Onderwerp: Bezoek-historie

RSJ R-18/1285/GA, 15 april 2019, beroep
Uitspraakdatum:15-04-2019

Dit onderwerp bevat de volgende rubrieken.

nummer:          R-18/1285/GA

betreft: [Klager]           datum: 15 april 2019

De beroepscommissie als bedoeld in artikel 69, tweede lid, van de Penitentiaire beginselenwet (Pbw) heeft kennisgenomen van een bij het secretariaat van de Raad ingekomen beroepschrift, ingediend door mr. C. Maat, namens [Klager], verder te noemen klager, gericht tegen een uitspraak van 16 juli 2018 van de beklagcommissie bij de penitentiaire inrichting (p.i.) Alphen, alsmede van de overige stukken, waaronder de uitspraak waarvan beroep, welke in afschrift aan deze uitspraak is gehecht. Ter zitting van de beroepscommissie van 22 februari 2019, gehouden in het Justitieel Complex Zaanstad, is gehoord klager, bijgestaan door zijn raadsvrouw mr. J.M. Bekooy. De directeur heeft geen gebruik gemaakt van de gelegenheid te worden gehoord. Op grond van haar onderzoek overweegt en beslist de beroepscommissie als volgt:

1.         De inhoud van het beklag en de uitspraak van de beklagcommissie

Het beklag betreft de overplaatsing van klager naar de bijzondere zorgafdeling (AR-2018-266). De beklagcommissie heeft het beklag ongegrond verklaard op de gronden als in de aangehechte uitspraak weergegeven.

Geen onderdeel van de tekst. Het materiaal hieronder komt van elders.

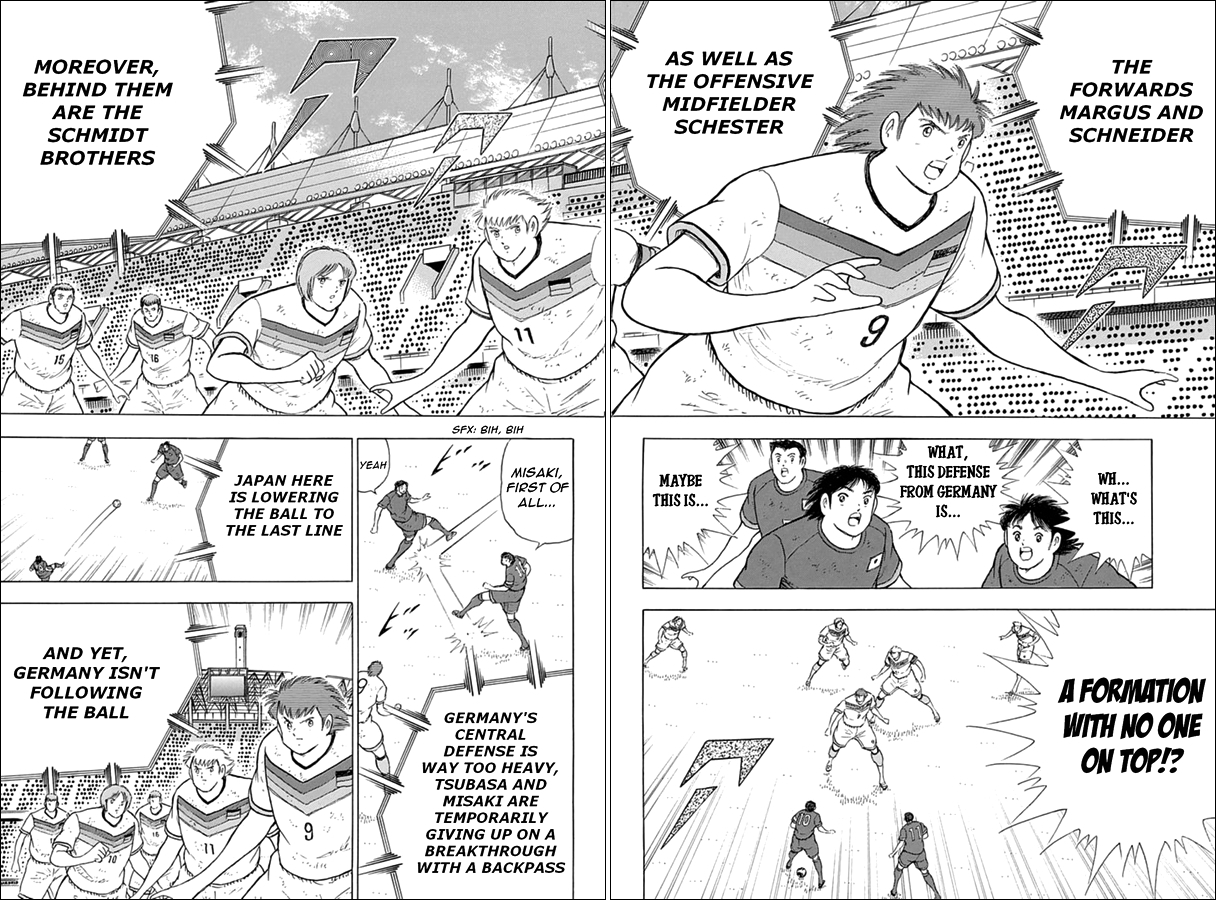 Captain Tsubasa - Rising Sun Chapter 75 page 2 - Chapter 75: Coach Schneider's Tactic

2.         De standpunten van klager en de directeur

Door en namens klager is in beroep het tegenover de beklagcommissie ingenomen standpunt als volgt – kort en zakelijk weergegeven – toegelicht. Klager is op de bijzondere zorgafdeling geplaatst zonder dat hij met een psycholoog heeft gesproken en zonder dat een advies van de psycholoog is opgemaakt waarin staat dat klager naar de bijzondere zorgafdeling moest worden geplaatst. Klager heeft pas met een psycholoog gesproken nadat hij was overgeplaatst naar de bijzondere zorgafdeling. Klager kan zich prima redden op de reguliere afdeling en wil niet geplaatst worden op de bijzondere zorgafdeling. De directeur heeft zijn standpunt, zoals ingenomen tegenover de beklagcommissie, in beroep niet toegelicht.

3.         De beoordeling

Op grond van het dossier en het verhandelde ter zitting stelt de beroepscommissie het volgende vast. Klager is overgeplaatst naar de bijzondere zorgafdeling. De directeur stelt dat aan de beslissing om klager over te plaatsen naar de bijzondere zorgafdeling een advies van de inrichtingspsycholoog ten grondslag te hebben gelegd. Dit advies zit niet in het dossier. De secretaris van de beroepscommissie heeft op 29 januari 2019 contact opgenomen met de inrichting en verzocht het advies van de inrichtingspsycholoog toe te sturen, zodat de beroepscommissie daarvan kennis zou kunnen nemen. In reactie op dit verzoek is – kort en zakelijk weergegeven – geantwoord dat de p.i. geen beslissing kon overhandigen over de plaatsing van klager naar de bijzondere zorgafdeling, aangezien die overplaatsing nooit is geïndiceerd. Een advies van de inrichtingspsycholoog is niet aan de beroepscommissie toegezonden. Gelet op het voorgaande, in onderling verband en samenhang bezien, acht de beroepscommissie het niet aannemelijk geworden dat de directeur een advies van een inrichtingspsycholoog ten grondslag heeft gelegd aan de beslissing om klager te plaatsen op een bijzondere zorgafdeling. De beslissing van de directeur moet dan ook als onvoldoende onderbouwd worden aangemerkt. De beroepscommissie zal het beroep daarom gegrond verklaren, de uitspraak van de beklagcommissie vernietigen en het beklag alsnog gegrond verklaren. De beroepscommissie ziet geen aanleiding aan klager een tegemoetkoming toe te kennen, reeds nu daarom niet is verzocht.

4.         De uitspraak

De beroepscommissie verklaart het beroep gegrond, vernietigt de uitspraak van de beklagcommissie en verklaart het beklag alsnog gegrond.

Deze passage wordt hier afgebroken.